# [Data shown]
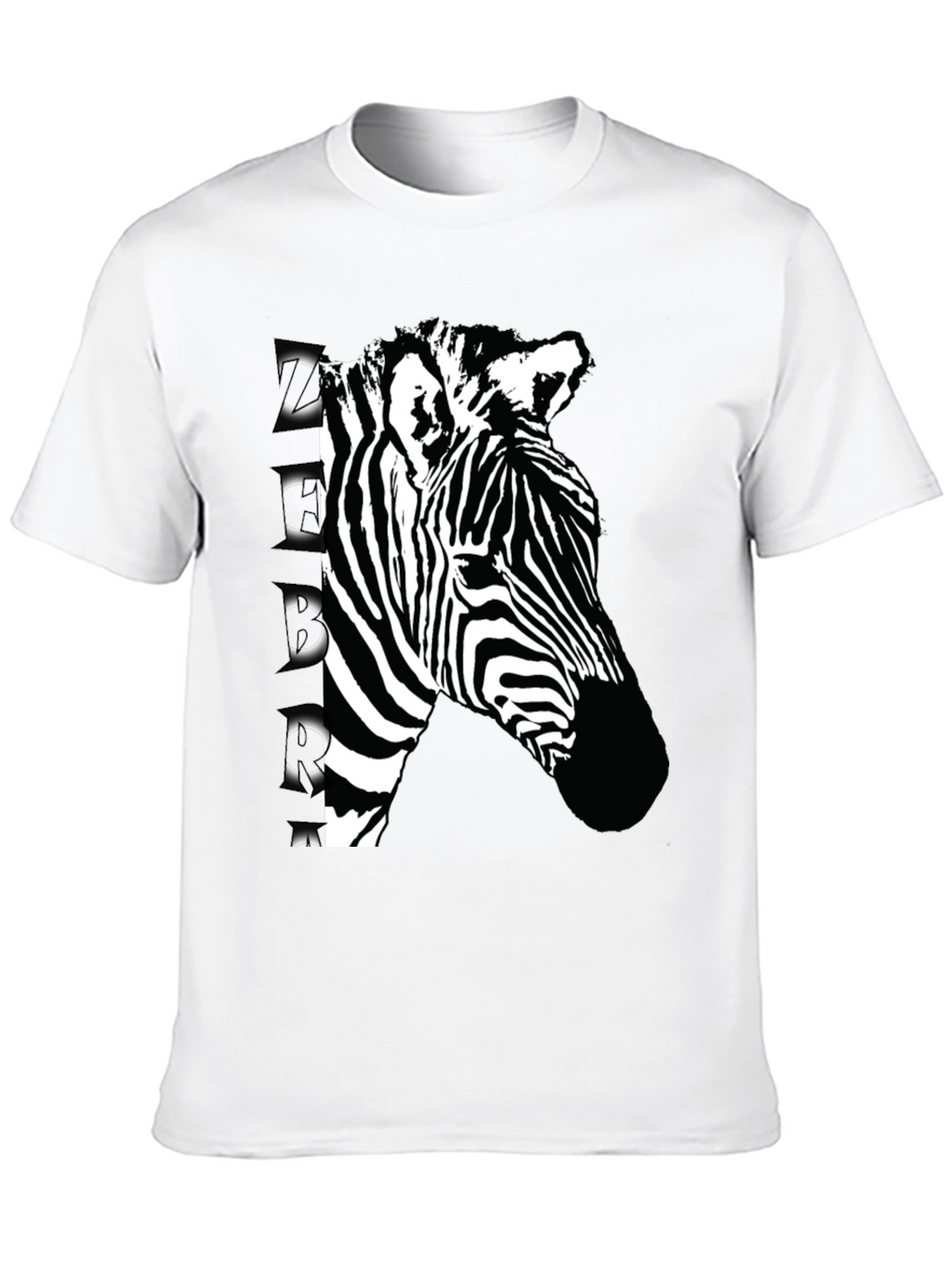 Zebra Graphic Print Black T-Shirt
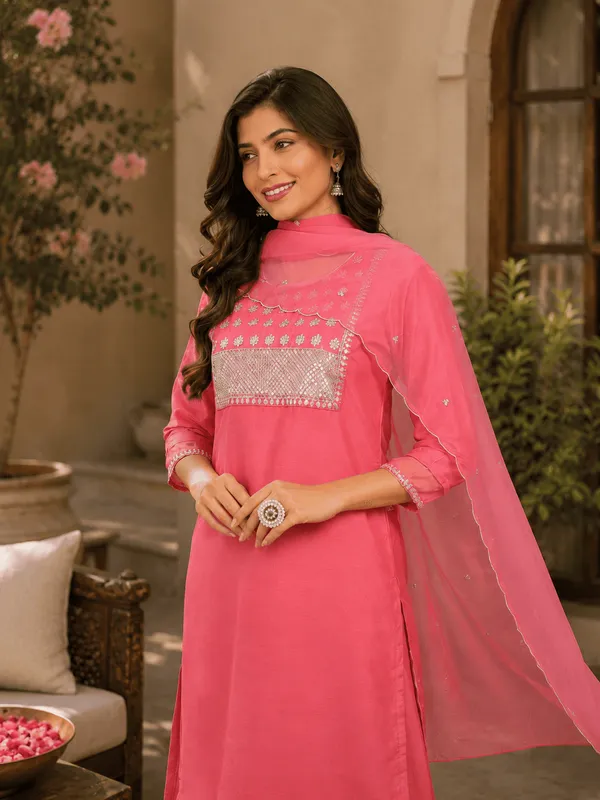 Pink_Poly_Silk_Solid_Sequin_Straight_Suit_Set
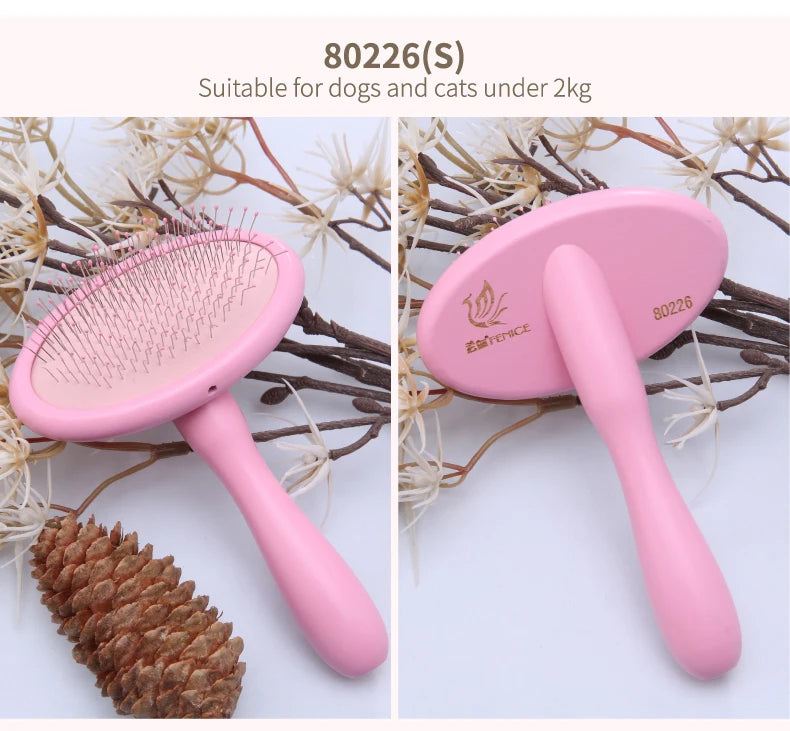 Fenice Pet Hair Brush Massage Handle Comb for Dog Cat Grooming Pet Hair Cleaning Tool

# [The problem]
Set down all of the data word for word; no pictures belong in it.

# [Written response]
 Zebra Graphic Print Black T-Shirt
 Pink_Poly_Silk_Solid_Sequin_Straight_Suit_Set
 Fenice Pet Hair Brush Massage Handle Comb for Dog Cat Grooming Pet Hair Cleaning Tool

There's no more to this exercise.